Wed Dec 30 05:15:45 CST 2009


hello again,

On Tue, Dec 29, 2009 at 2:22 PM, David Cournapeau <cournape@gmail.com> wrote:
> On Tue, Dec 29, 2009 at 10:27 PM, René Dudfield <renesd@gmail.com> wrote:
>> Hi,
>>
>> In the toydist proposal/release notes, I would address 'what does
>> toydist do better' more explicitly.
>>
>>
>>
>> **** A big problem for science users is that numpy does not work with
>> pypi + (easy_install, buildout or pip) and python 2.6. ****
>>
>>
>>
>> Working with the rest of the python community as much as possible is
>> likely a good goal.
>
> Yes, but it is hopeless. Most of what is being discussed on
> distutils-sig is useless for us, and what matters is ignored at best.
> I think most people on distutils-sig are misguided, and I don't think
> the community is representative of people concerned with packaging
> anyway - most of the participants seem to be around web development,
> and are mostly dismissive of other's concerns (OS packagers, etc...).
>

Sitting down with Tarek(who is one of the current distutils
maintainers) in Berlin we had a little discussion about packaging over
pizza and beer... and he was quite mindful of OS packagers problems
and issues.  He was also interested to hear about game developers
issues with packaging (which are different again to scientific
users... but similar in many ways).

However these systems were developed by the zope/plone/web crowd, so
they are naturally going to be thinking a lot about zope/plone/web
issues.  Debian, and ubuntu packages for them are mostly useless
because of the age.  Waiting a couple of years for your package to be
released is just not an option (waiting even an hour for bug fixes is
sometimes not an option).  Also isolation of packages is needed for
machines that have 100s of different applications running, written by
different people, each with dozens of packages used by each
application.

Tools like checkinstall and stdeb ( http://pypi.python.org/pypi/stdeb/
) can help with older style packaging systems like deb/rpm.  I think
perhaps if toydist included something like stdeb as not an extension
to distutils, but a standalone tool (like toydist) there would be less
problems with it.

One thing the various zope related communities do is make sure all the
relevant and needed packages are built/tested by their compile farms.
This makes pypi work for them a lot better than a non-coordinated
effort does.  There are also lots of people trying out new versions
all of the time.


> I want to note that I am not starting this out of thin air - I know
> most of distutils code very well, I have been the mostly sole
> maintainer of numpy.distutils for 2 years now. I have written
> extensive distutils extensions, in particular numscons which is able
> to fully build numpy, scipy and matplotlib on every platform that
> matters.
>
> Simply put, distutils code is horrible (this is an objective fact) and
>  flawed beyond repair (this is more controversial).

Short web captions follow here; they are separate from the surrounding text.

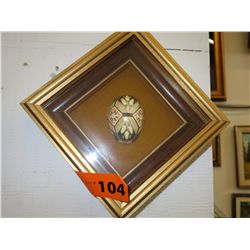 Box framed Ukrainian Easter egg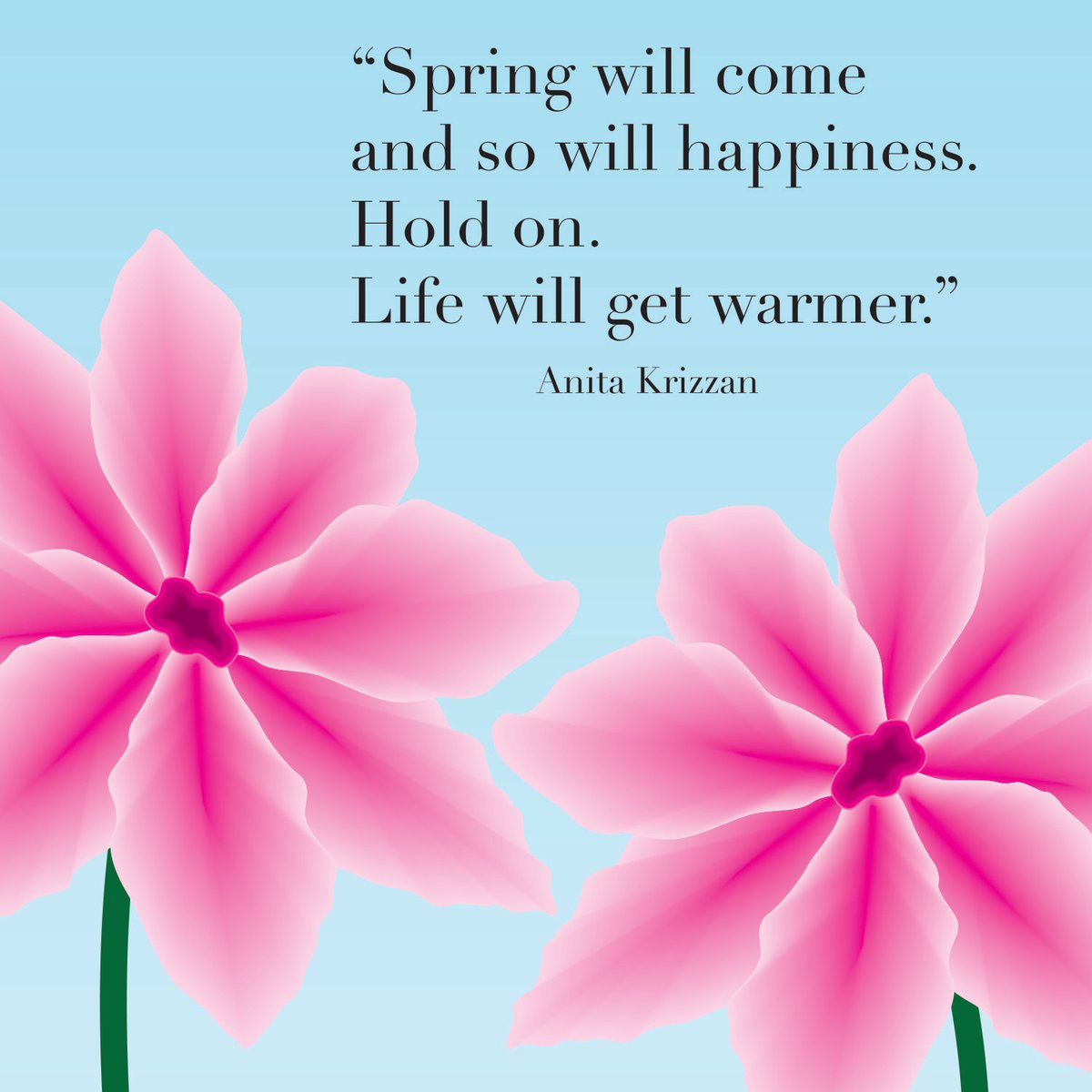 Wishing you warmth and happiness today. #spring #happy #warmth #happiness #tuesday #staystrong #staypositive
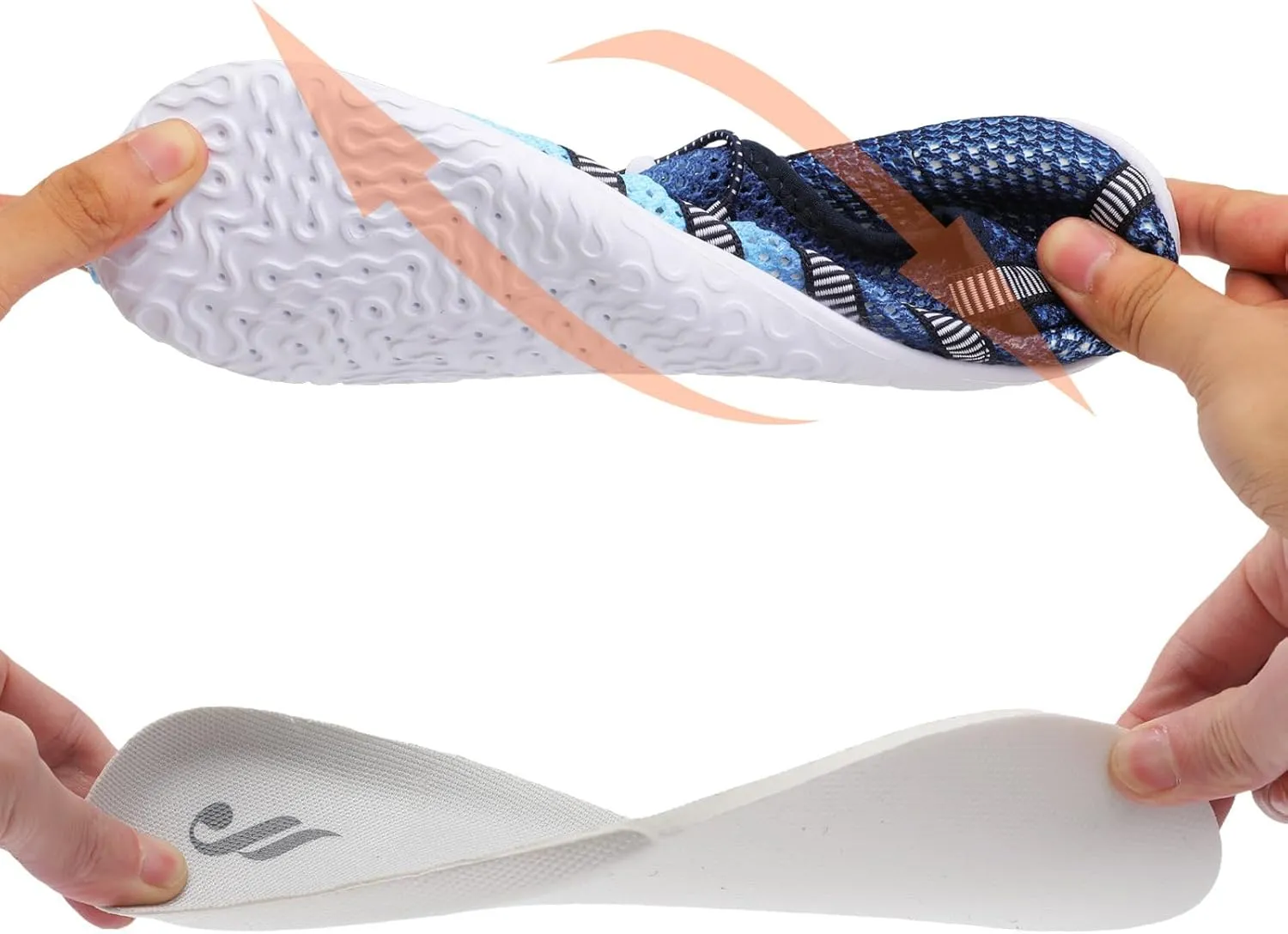 JIASUQI Athletic Hiking Beach Water Shoes Barefoot Aqua Swim Sports Walking Shoes for Women Men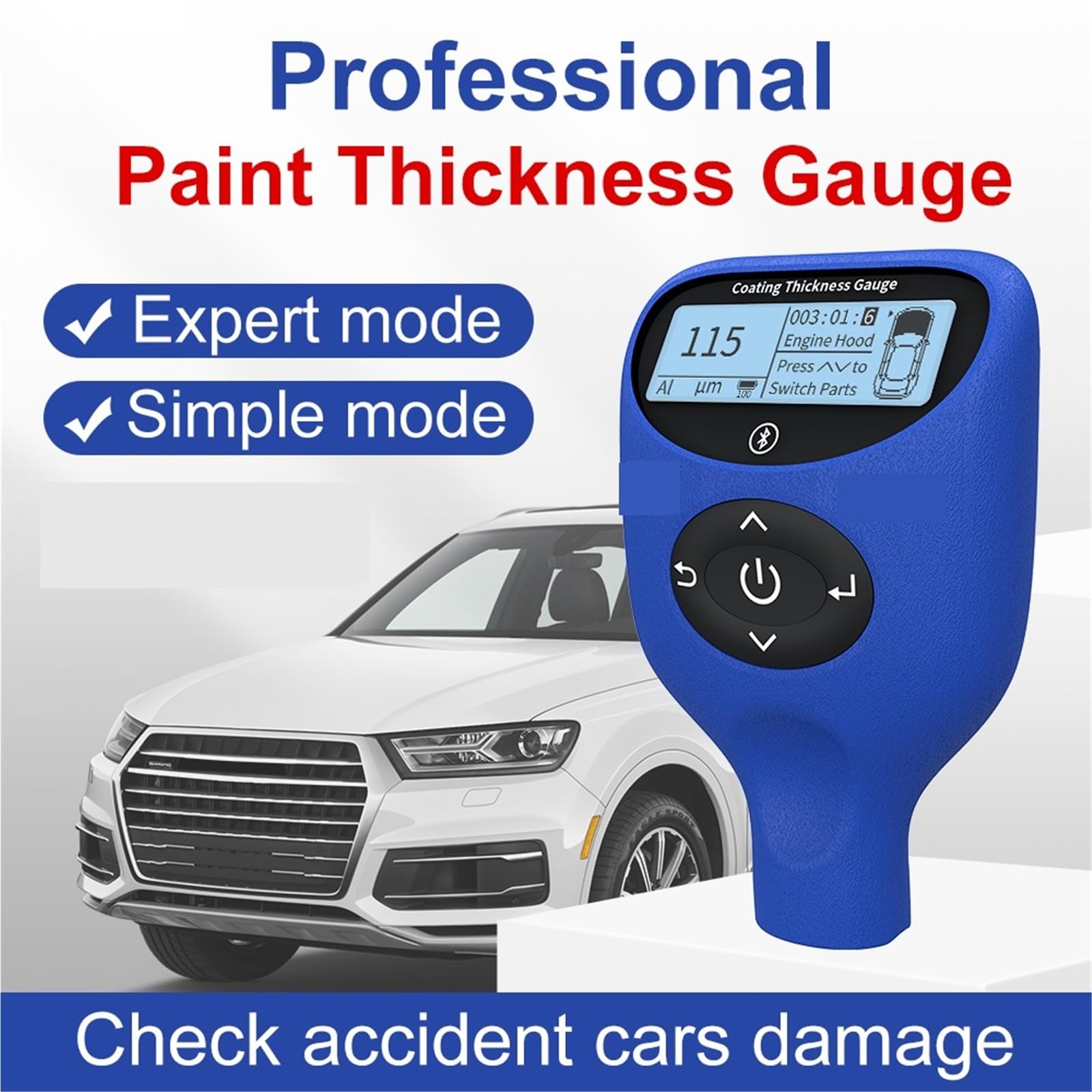 Tester per Vernice Auto ad Alta precisione, misuratore di Spessore del Rivestimento Professionale per acquirenti di Auto usate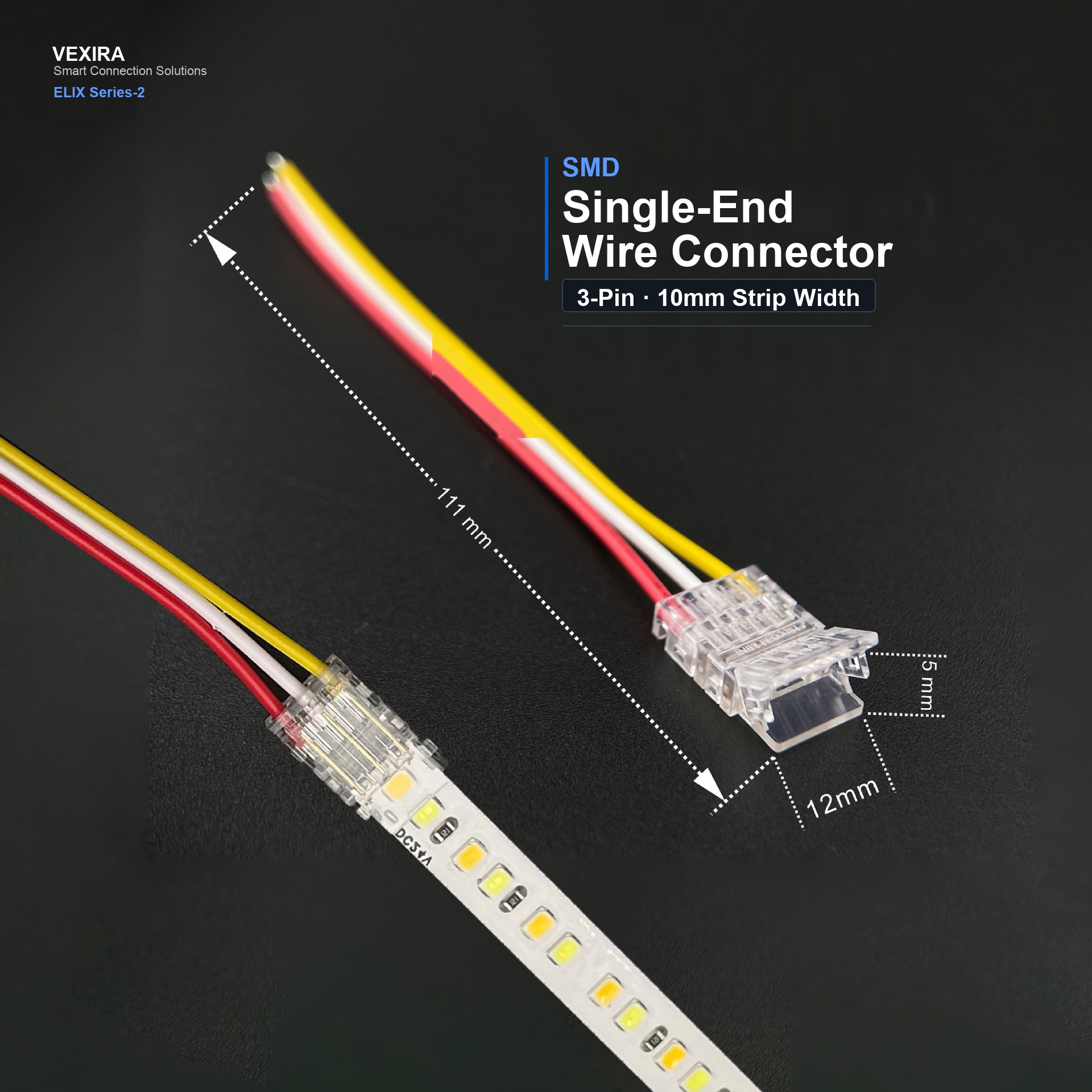 S-3P-10-1-S Single-End Wire Connector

IMHO, it has
> almost no useful feature, except being standard.
>

yes, I have also battled with distutils over the years.  However it is
simpler than autotools (for me... maybe distutils has perverted my
fragile mind), and works on more platforms for python than any other
current system.  It is much worse for C/C++ modules though.  It needs
dependency, and configuration tools for it to work better (like what
many C/C++ projects hack into distutils themselves).

Monkey patching, and extensions are especially a problem... as is the
horrible code quality of distutils by modern standards.  However
distutils has had more tests and testing systems added, so that
refactoring/cleaning up of distutils can happen more so.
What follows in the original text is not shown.